The recent events that culminated with Donald Trump’s failed tinhorn self-coup last week have led many pundits to compare the United States to a “banana republic.”
Whether all those analogies are accurate or helpful is a subject of heated online debate, but one thing is certain: Latin America has a much different relationship with democracy than the U.S. does. To make a broad and somewhat lazy generalization, people in Latin America don’t tend to take democracy for granted quite like their U.S. counterparts do. Latin Americans understand that democracy is not inevitable, and that years of incremental gains can be rolled back in a fist-pumping blur by a determined autocrat.
But Latin America’s on-again off-again relationship with democracy could also offer some helpful insights to the United States, which is about to begin its own precarious trek back up the weedy embankment towards the path to democracy. It could be shakier footing than people realize; any serious missteps could send the country slipping and sliding further down the hill.

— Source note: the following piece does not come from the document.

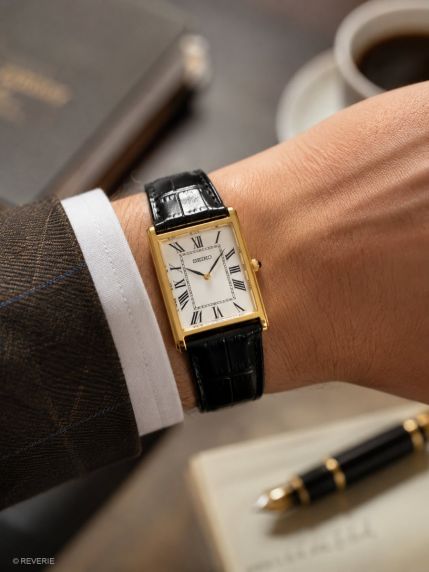 Seiko Mens Golden Roman Rectangular Sapphire 27mm SWR104P1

Luckily for Tio Sam, Latin America has already mapped this terrain.
“For the Biden administration to get guidance on how to navigate these tricky times, they might want to look south of the border to Latin America, which has seen it all before,” says Univision journalist Jorge Ramos in this week’s episode of Real America, Latin America’s Lessons for Democracy.
Many of the lessons fit into the category of cautionary tales. For example, when Nicaraguan president Daniel Ortega was voted out of office in 1990, he vowed to “govern from below” with the help of party loyalists. For the next 16 years, Ortega worked as an outside powerbroker and rabble-rouser to undermine democratically elected presidents and paralyze the nation. Ortega eventually paved the way for his own return to the presidency in 2007, after which he quickly consolidated a new Sandinista dictatorship.

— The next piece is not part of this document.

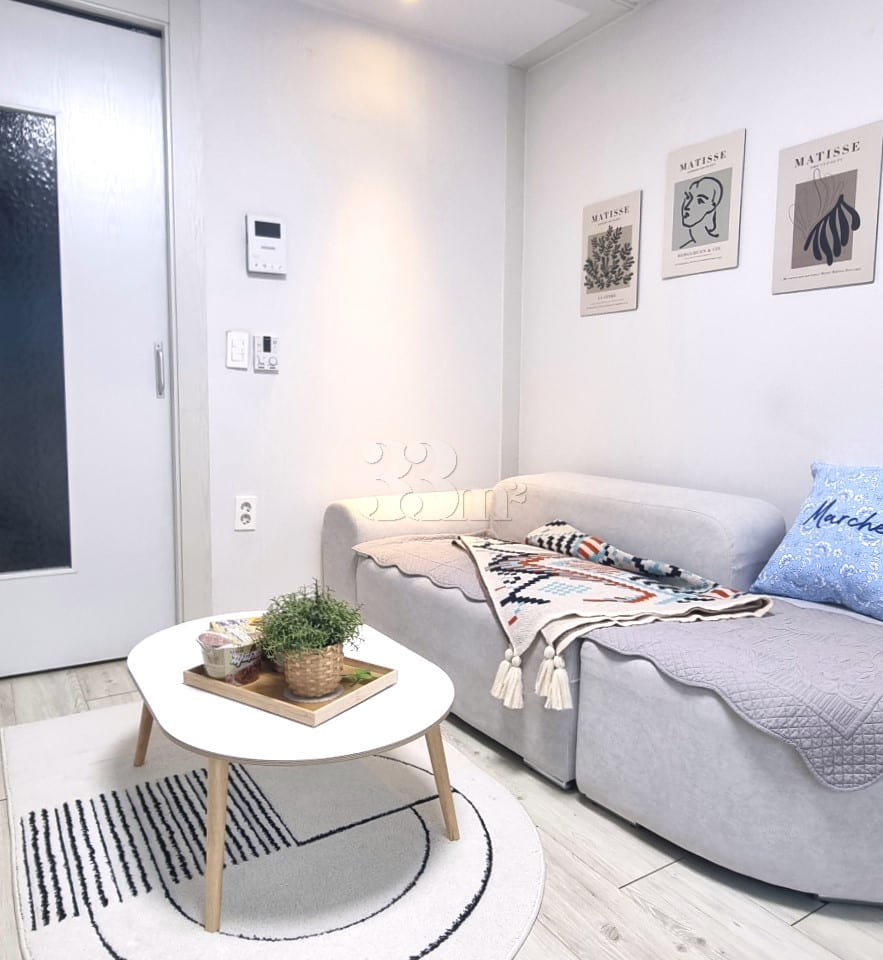 ❤️Discount on Sunny Studio Apartment in the R 6th image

“The lesson learned from Nicaragua’s failed transition to democracy is this: To be successful, the new administration will need strong popular support to withstand the attacks from the fanatics of the old regime,” says Félix Maradiaga, Director of Nicaragua’s Instituto de Estudios Estratégicos (IEEPP). The ousted authoritarian, Maradiaga warned, will do everything in his power to keep the country violently polarized because reconciliation is fundamental to a functioning democracy.
Nicaragua isn’t the only warning about the continued threat that Trump and his family will play after the moving trucks haul their junk back to Florida.
“The Trump family is a political clan that will possibly want to stay in power after Donald Trump. Political power can become very addictive, as we saw here in Peru which is similarly divided over the role of the Fujimori clan,” said Peruvian journalist Maria Luisa Martinez. “The strategy of the Trump family could be the same as the Fujimoris: The father is viewed as the strongman who saves the country, and the daughter becomes a softer, friendlier version.”
Martinez ponders: “Will Ivanka Trump become the next Keiko Fujimori?”